[TASK DETAILS] Would you please transcribe, exactly as written, the lines of the entries below starting at the one that holds "TransPac 2025 Men's Cotton Shirt Navy" and ending at the one that holds "Генко (genko, 黒狐)", both included?

[RECORD EXCERPTS Boundary: Start]

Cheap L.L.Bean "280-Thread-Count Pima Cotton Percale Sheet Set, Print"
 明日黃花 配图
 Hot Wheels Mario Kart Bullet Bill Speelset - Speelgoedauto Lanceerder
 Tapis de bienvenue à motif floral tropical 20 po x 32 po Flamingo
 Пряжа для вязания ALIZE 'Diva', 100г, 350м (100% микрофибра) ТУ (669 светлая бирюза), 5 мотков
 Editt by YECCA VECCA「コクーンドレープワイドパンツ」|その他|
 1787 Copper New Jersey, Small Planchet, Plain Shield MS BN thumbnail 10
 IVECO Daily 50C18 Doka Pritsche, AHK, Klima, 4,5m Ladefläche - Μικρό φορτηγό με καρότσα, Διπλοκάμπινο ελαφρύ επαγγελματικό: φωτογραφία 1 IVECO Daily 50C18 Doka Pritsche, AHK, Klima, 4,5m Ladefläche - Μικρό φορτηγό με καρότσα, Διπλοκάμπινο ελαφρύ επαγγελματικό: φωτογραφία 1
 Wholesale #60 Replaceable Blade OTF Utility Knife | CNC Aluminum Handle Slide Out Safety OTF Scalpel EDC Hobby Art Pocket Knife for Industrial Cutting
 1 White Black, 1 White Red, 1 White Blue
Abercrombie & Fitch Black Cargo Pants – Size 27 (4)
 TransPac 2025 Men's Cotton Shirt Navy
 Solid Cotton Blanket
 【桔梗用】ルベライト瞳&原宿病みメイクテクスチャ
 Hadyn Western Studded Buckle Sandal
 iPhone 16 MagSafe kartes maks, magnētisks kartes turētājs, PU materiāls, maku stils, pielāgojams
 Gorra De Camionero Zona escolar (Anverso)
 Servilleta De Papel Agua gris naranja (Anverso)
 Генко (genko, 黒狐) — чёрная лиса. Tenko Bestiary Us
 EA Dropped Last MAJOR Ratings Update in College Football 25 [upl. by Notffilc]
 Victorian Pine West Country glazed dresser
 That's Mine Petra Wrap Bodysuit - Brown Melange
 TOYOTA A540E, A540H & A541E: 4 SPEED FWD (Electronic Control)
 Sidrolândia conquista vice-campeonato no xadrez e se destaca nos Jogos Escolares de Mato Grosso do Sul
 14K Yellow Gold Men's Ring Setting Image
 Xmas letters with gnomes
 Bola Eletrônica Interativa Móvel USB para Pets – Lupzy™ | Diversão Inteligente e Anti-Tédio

[RECORD EXCERPTS Boundary: End]

[SOLUTION TO THIS EXERCISE]
 TransPac 2025 Men's Cotton Shirt Navy
 Solid Cotton Blanket
 【桔梗用】ルベライト瞳&原宿病みメイクテクスチャ
 Hadyn Western Studded Buckle Sandal
 iPhone 16 MagSafe kartes maks, magnētisks kartes turētājs, PU materiāls, maku stils, pielāgojams
 Gorra De Camionero Zona escolar (Anverso)
 Servilleta De Papel Agua gris naranja (Anverso)
 Генко (genko, 黒狐) — чёрная лиса. Tenko Bestiary Us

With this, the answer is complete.